**Task instructions:**
Exactly reproduce the lines from the line bearing "Загрузочная коробка для" through the end of the listing, inclusive of both; pictures are to be omitted.
*** Opening of Supplied material ***
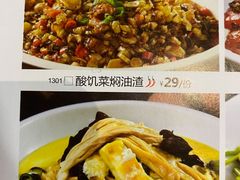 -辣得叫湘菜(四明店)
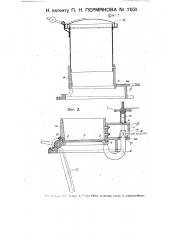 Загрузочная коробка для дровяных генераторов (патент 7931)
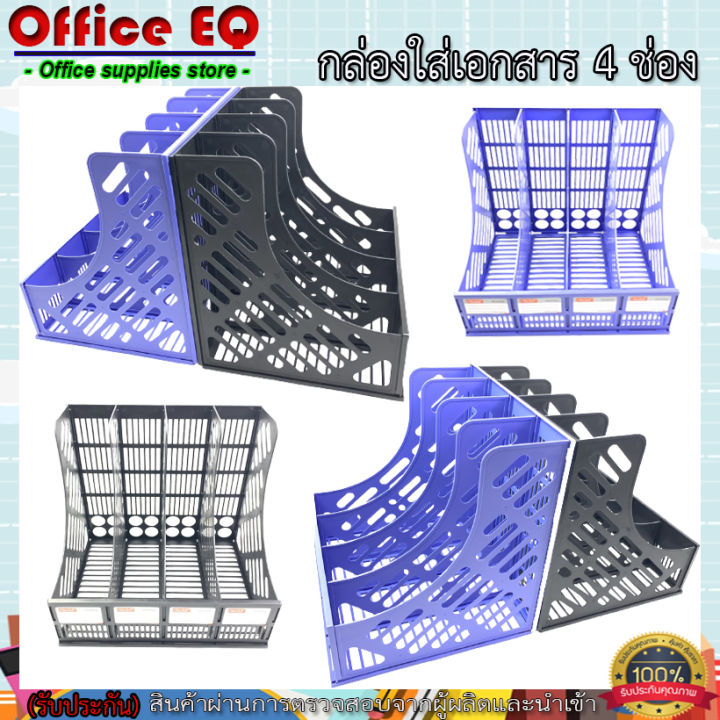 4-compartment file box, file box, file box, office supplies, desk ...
*** Close of Supplied material ***
**Task answer:**
 Загрузочная коробка для дровяных генераторов (патент 7931)
 4-compartment file box, file box, file box, office supplies, desk ...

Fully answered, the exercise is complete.